As he explained to Macron, “Patrimony is a treasure for the long term—it’s the fuel for France. It’s a cost but also an investment. If a village is maintained, the inn will be open, restaurants—historic tourism creates a thriving economy. You may get 15,000 visitors a year, which is a lot for a little village that had nothing.”
Patrimony, he adds, is “the only industry you can’t move offshore. Old stones have to stay where they are.”
The message reverberated with Macron, a former investment banker campaigning with a strong economic agenda. To fund such projects, Bern suggested that France do as the British do: introduce a “lotto” to benefit historic conservation. Macron liked what he heard, and promised that if elected, he would appoint Bern to a position to take up the cause.
Sure enough, a few months after Macron’s win in 2017, the new president announced the launch of the “mission to identify our cultural patrimony that is not in good shape and reflect on innovative methods to finance these restorations in the months and the years to come.”
While Bern has President Macron’s blessing, support, and when needed, influence, and the Mission works “in coordination with” the Ministry of Culture, it is wholly independent, and Bern is not paid for his services. “I only answer to the president,” he says.
Along with setting up the national lottery for preservation, which is held on Bastille Day in July, and the Journées de Patrimoine, an E.U.-wide heritage celebration in September, Bern has put forth a few other fundraising initiatives, such as historic-monument postage stamps and an Elysée Palace gift shop online, with partial proceeds from both going to the fund. To further fatten the kitty, he lobbies deep-pocketed French individuals and corporations for donations, and even solicits the public: On the Mission’s website, there is a “Donate Here” button. In 2018, his association pulled in €50 million to contribute to France’s annual patrimony budget of €326 million.
He’s also cut some of the red tape. Now, whenever anyone sees a historic building in disrepair, all one has to do is file a notice on the organization's site. “We review the dossier, and if it needs help, we turn our attention to it,” Bern says. More than 2,000 monuments have qualified, including an 18th-century pigeonnier in the Haute-Loire, a dilapidated 14th-century château in Provence, a 15th-century cannon tower in the Haute-Marne, and the glorious 12th-century Notre-Dame de Sénanque Abbey in the Vaucluse. (Projects are listed on the website, with a GoFundMe-like meter that shows how much financing is needed, and how much has been raised.)

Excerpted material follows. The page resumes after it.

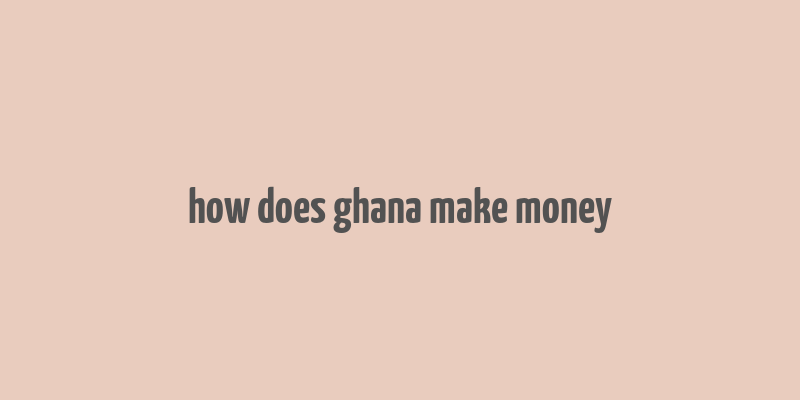 how does ghana make money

The money is funneled through the Fondation du Patrimoine, a private organization independent of Bern’s, that serves, he says, “as the bank.” Among Bern’s successes: the revitalization of the Musée des Tissus et des Arts Décoratifs in Lyon and the protection of a corner of a quarry in Marseille from which Gallo-Romans sourced stones to build the city 2,500 years ago.
Bern’s mission is not directly involved in the rebuilding of Notre-Dame de Paris; the French government is steering that endeavor. But he has weighed in on it, telling Agence France-Presse after the blaze that he is worried about the rush to launch reconstruction and the announcement of a competition to replace the spire, warning of “starchitects who want to leave their name on this building.”
He felt the urge to speak up, he tells me, because, “since I am not part of politics, and I am popular in France, my voice carries weight.
“The public listens to what I have to say.”